Centrala begrepp
The core message of this article is to propose a strategic framework for estimating the amount of annotated data required to train satisfactory patch-based segmentation networks. This framework includes the establishment of performance expectations using a Minor Boundary Adjustment for Threshold (MinBAT) method, and standardizing patch selection through the ROI-based Expanded Patch Selection (REPS) method.
Sammanfattning
The article focuses on the early stage of deep learning research, prior to model development, and proposes a framework to estimate the amount of annotated data required for patch-based brain MRI segmentation tasks.
Key highlights:
Established performance expectations using a novel Minor Boundary Adjustment for Threshold (MinBAT) method, which determines acceptable Dice Similarity Coefficient (DSC) scores based on the size and shape of the regions of interest (ROIs).
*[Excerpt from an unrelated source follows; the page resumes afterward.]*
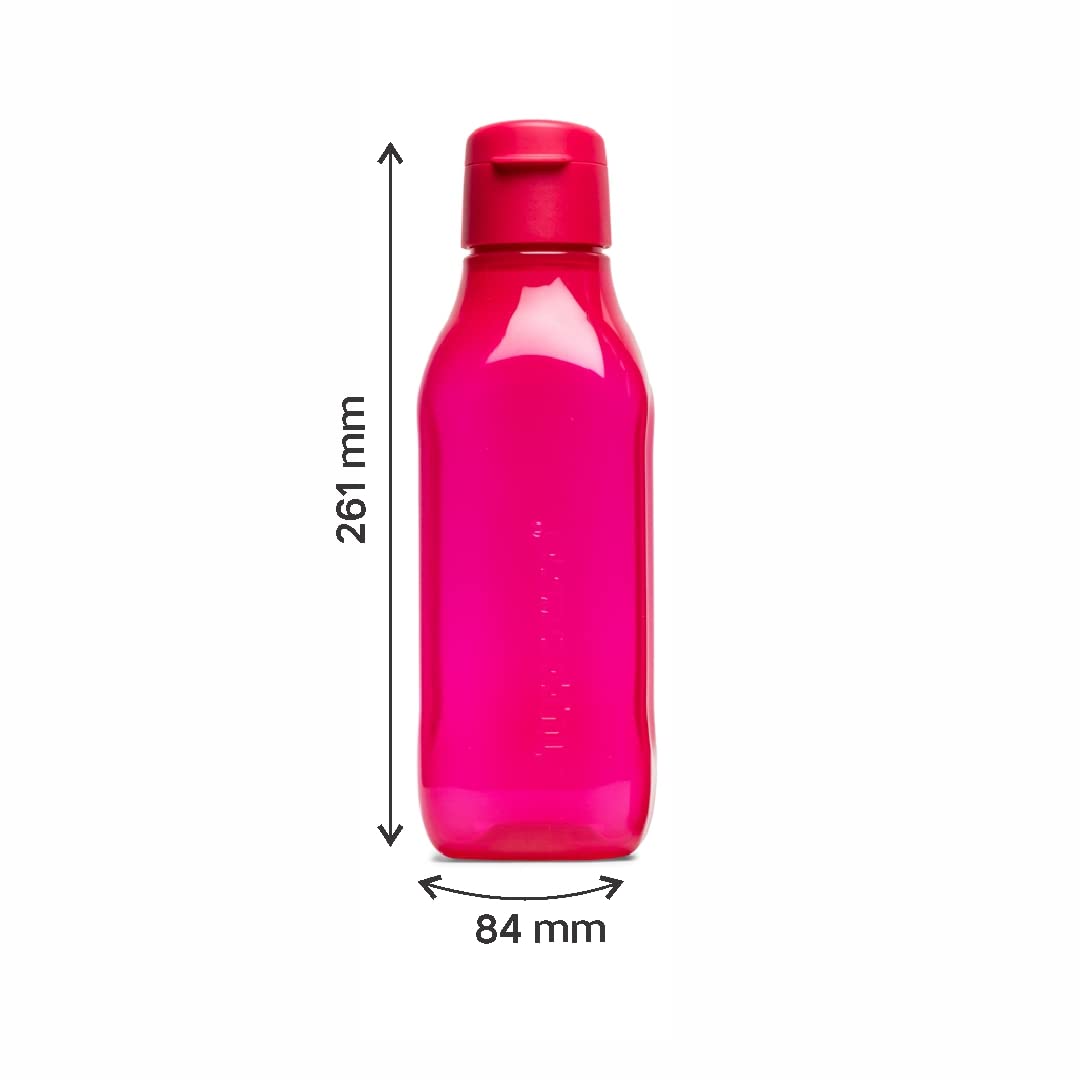 1 Pcs Tupperware ECO 1 Ltr Fliptop Square Water Bottle.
Introduced the ROI-based Expanded Patch Selection (REPS) strategy to standardize the contribution of each training case to the model, while maintaining model performance.
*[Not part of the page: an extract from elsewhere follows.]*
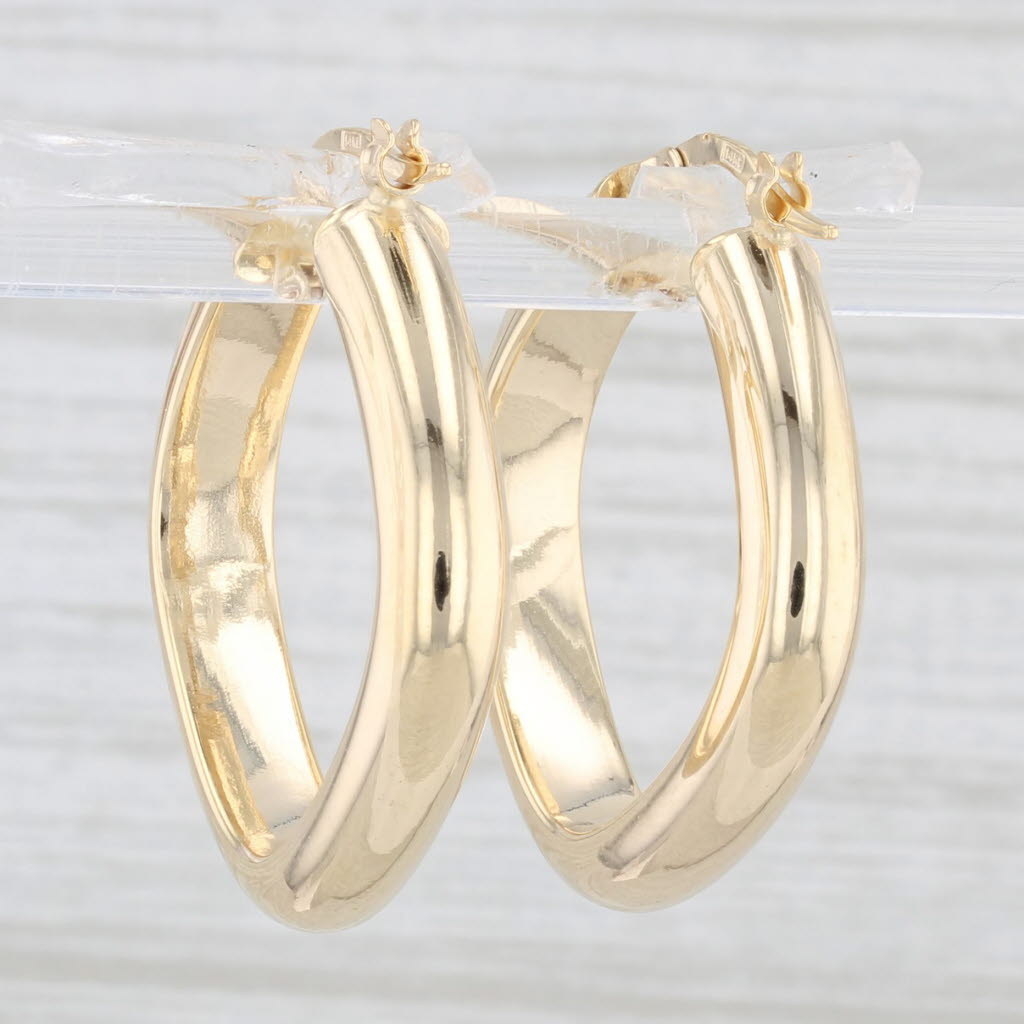 Light Gray New Square Hoop Earrings 14k Yellow Gold Snap Top Pierced Oval Hoops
Conducted experiments on three brain-related segmentation tasks (brain extraction, tumor segmentation, and MS lesion segmentation) with different ROI sizes and shapes.
Visualized learning curves to estimate and predict the required number of cases based on the target DSC scores determined by MinBAT.
Discovered relationships between the number of cases, the number of ROIs, and the achievable performance, which can assist in the design of experiments and evaluation of algorithms.
Statistik
The article does not contain any explicit numerical data or statistics. The key insights are derived from the experimental results and the proposed methods.
Citat
The article does not contain any direct quotes that are critical to the key arguments.